* Excerpts from a dataset:
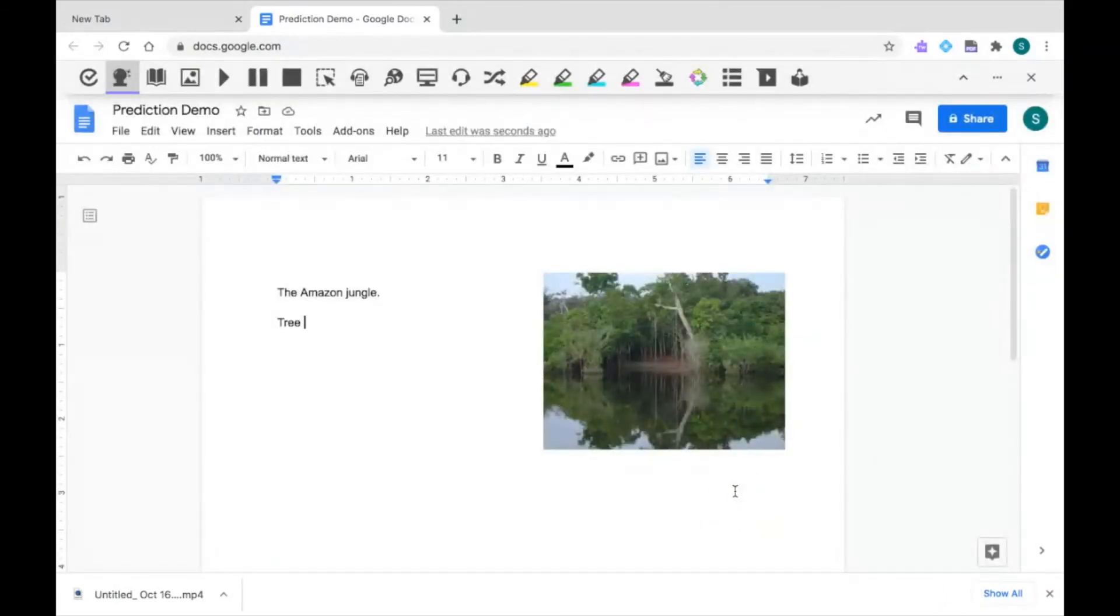If you need some help with your writing, try out the prediction tool from Read&Write and see what it can do for you. Thanks for watching.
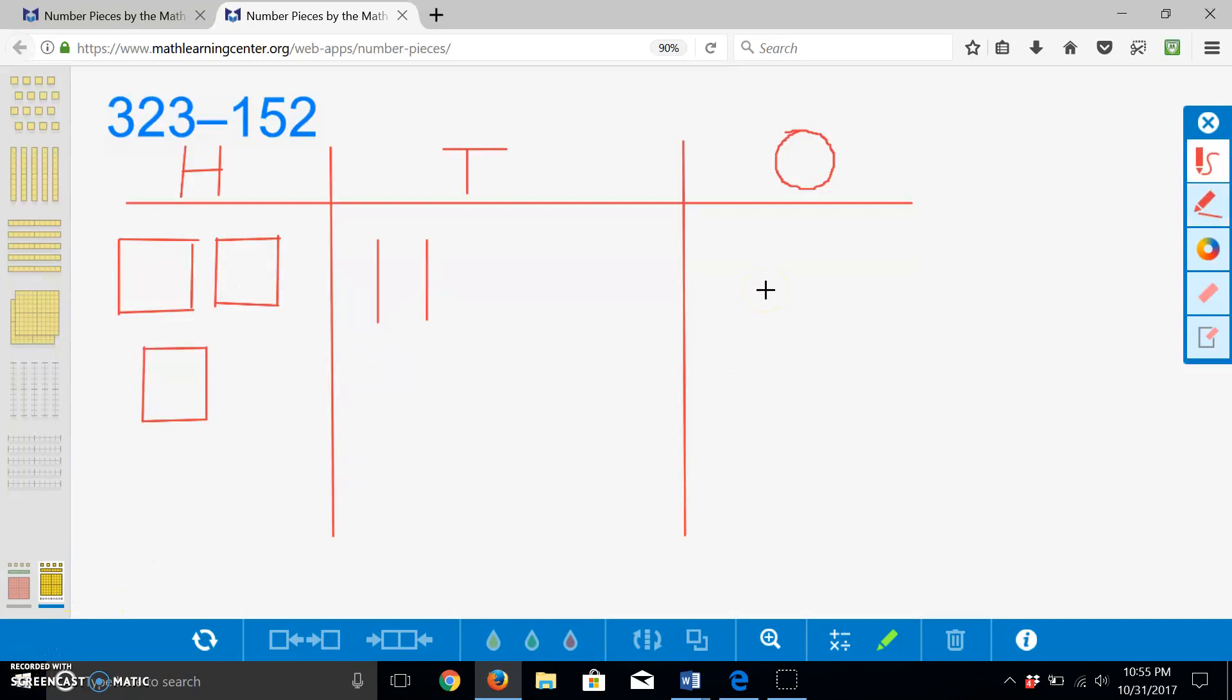Finally, I will draw three ones. Three hundred twenty-one, three hundred twenty-two, three hundred twenty-three.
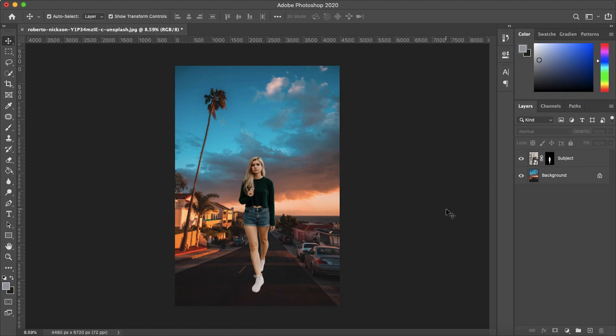How's it going everyone? My name is Bobby and you're watching Mind Island Design. Today I'm going to show you how you can easily color correct or color match your subject to your background in Photoshop.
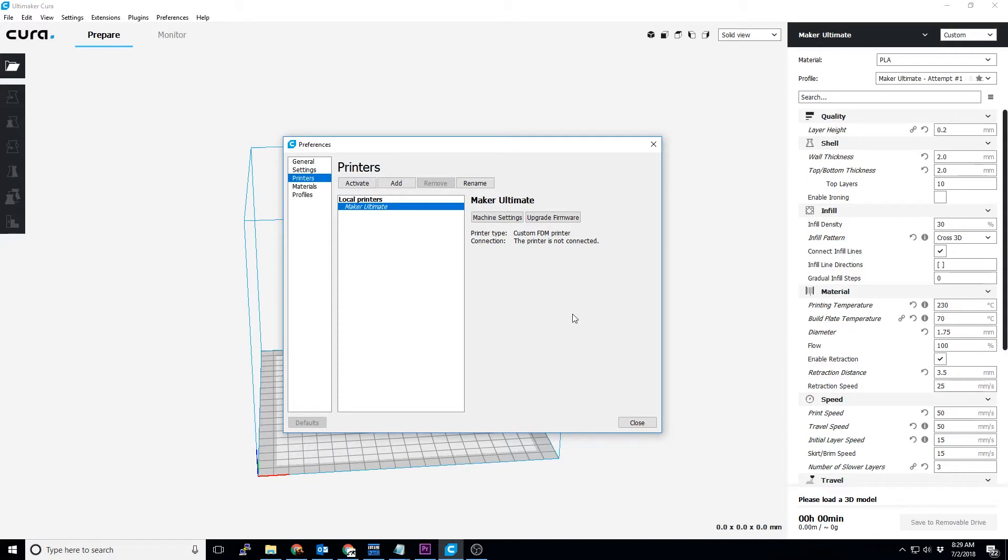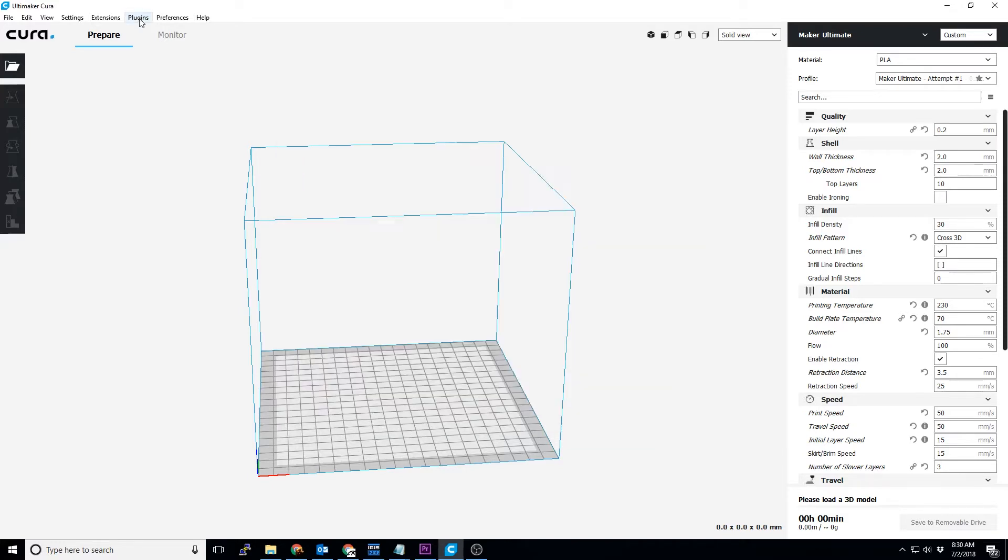Well, good news! Cura still does integrate as it always has, you just need to enable it.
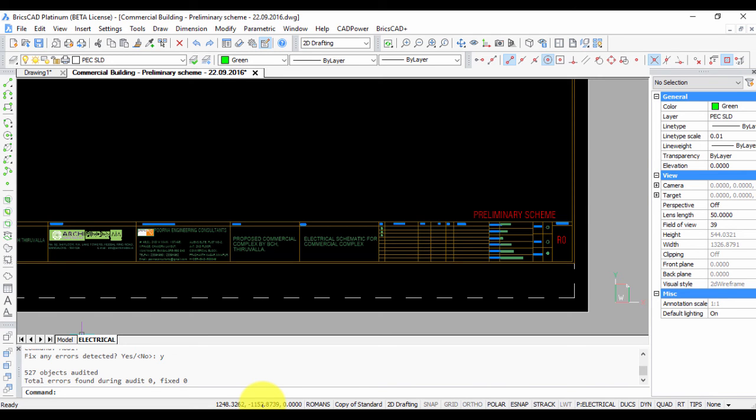The next time you run into this mysterious problem where your drawing cannot be saved, don't despair or look for your hard disk cleanup utility. Instead, just run your drawing cleanup utility with the audit command and you should be good to go.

* Required work:
The entries should be reproduced word for word, pictures omitted.

* Result of this exercise:
If you need some help with your writing, try out the prediction tool from Read&Write and see what it can do for you. Thanks for watching.
Finally, I will draw three ones. Three hundred twenty-one, three hundred twenty-two, three hundred twenty-three.
How's it going everyone? My name is Bobby and you're watching Mind Island Design. Today I'm going to show you how you can easily color correct or color match your subject to your background in Photoshop.
Well, good news! Cura still does integrate as it always has, you just need to enable it.
The next time you run into this mysterious problem where your drawing cannot be saved, don't despair or look for your hard disk cleanup utility. Instead, just run your drawing cleanup utility with the audit command and you should be good to go.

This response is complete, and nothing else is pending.